John Phillips Little Johnston - Analyst
That's perfect. And then obviously, you guys are cash tax payers today and you have a fairly large NOL position. But I know there was technically ownership changed during 2018 that sort of makes those NOL subject to some limitations. My question is, as we look out to the next few years, when you start generating a ton of free cash flow. Would you guys expect to start paying cash taxes at some point?
Nicholas L. O'Grady - CEO
No.
Chad Allen - CFO
No.
Nicholas L. O'Grady - CEO
The way -- there's a 3-year rolling structure on it. Long story short is that we would have to do something pretty extreme in order to...
Chad Allen - CFO
That's right. That's right. Yes. We would -- I mean, we've got -- a lot of that 3-year actually happened up in 2018. So that stuff will roll off here, too. So no, we don't -- we expect we'll be fine from an NOL standpoint.
Nicholas L. O'Grady - CEO
It's in our standardized measure, I think, in the K. When it comes out, you'll see it's a minimis amount.
Operator
Our next question is coming from Nicholas Pope of Seaport Global.
Nicholas Paul Pope - Research Analyst
A couple of quick questions. Just wanted to clarify a few things. The Marcellus asset win with that preferential rights being exercised, I wanted to clarify what that working interest looks like, I guess, what current production looks like? And what it is going forward? Just to clarify that a little bit.
Nicholas L. O'Grady - CEO
Net to us, it's about 27%, 28%, right? It's 40% across the PDA, but we have a 30% partner. So it's about 27%, 28%. And it should be fairly consistent unless the overall units change or acreage ownership changes over time.
Nicholas Paul Pope - Research Analyst
Got it. And then just with the dynamic of how the dividend's going to work out relative to the cumulative preferred, how exactly does that play into it? I think it's -- is it around $20 million that's been accumulated right now as a noncash dividend on the preferreds and that needs to be paid kind of concurrent with the dividend being paid? Is that how that -- am I correct in that?
Nicholas L. O'Grady - CEO
Yes. But it's not $20 million.
Adam Dirlam - COO
It's, I'd call, $16 million-ish.
Nicholas L. O'Grady - CEO
Yes. Let's call it, $16 million. So obviously, prior to a common dividend, we would have to begin to put the preferred back into pay status, which obviously, we would intend to do for discussing a common dividend.

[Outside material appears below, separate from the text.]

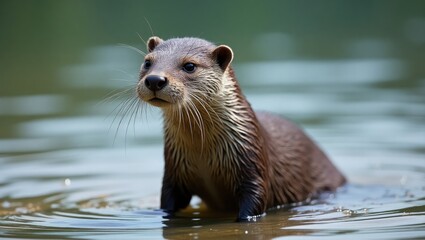 Fototapeta premium A solitary nutria is positioned attentively in the clear waters, highlighting its watchful expression and damp fur.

Nicholas Paul Pope - Research Analyst
And is that a cash payment? Or are there other options with how that kind of is structured for the cumulative?
Nicholas L. O'Grady - CEO
There are options.
Operator
Our next question is coming from Gregg Brody of Bank of America.
Gregg William Brody - MD
My question was just on the preferred. But when you think about the other options to pay the preferred, what are they?
Nicholas L. O'Grady - CEO
If I can punt that question, Gregg, I don't think we're prepared to talk about that publicly.
Operator
At this time, I'd like to turn the floor back over to management for closing comments.
Nicholas L. O'Grady - CEO
Thanks, everyone, for joining this morning. We're excited about the future about 2021. Thanks for everyone for sticking with us through thick and thin, and we'll see you on the next one.
Operator
Ladies and gentlemen, a replay of today's conference will be available in approximately one hour by dialing either (877) 660-6853 or (201) 612-7415, and entering in the access code of 13717215. The phone replay will be available through March 19 of this year. An archive of the webcast will also be available on the company's website. This concludes today's presentation. Thank you for your interest in Northern Oil and Gas. You may disconnect from the webcast or log -- sorry, disconnect your phone lines or log off the webcast at this time, and have a wonderful day.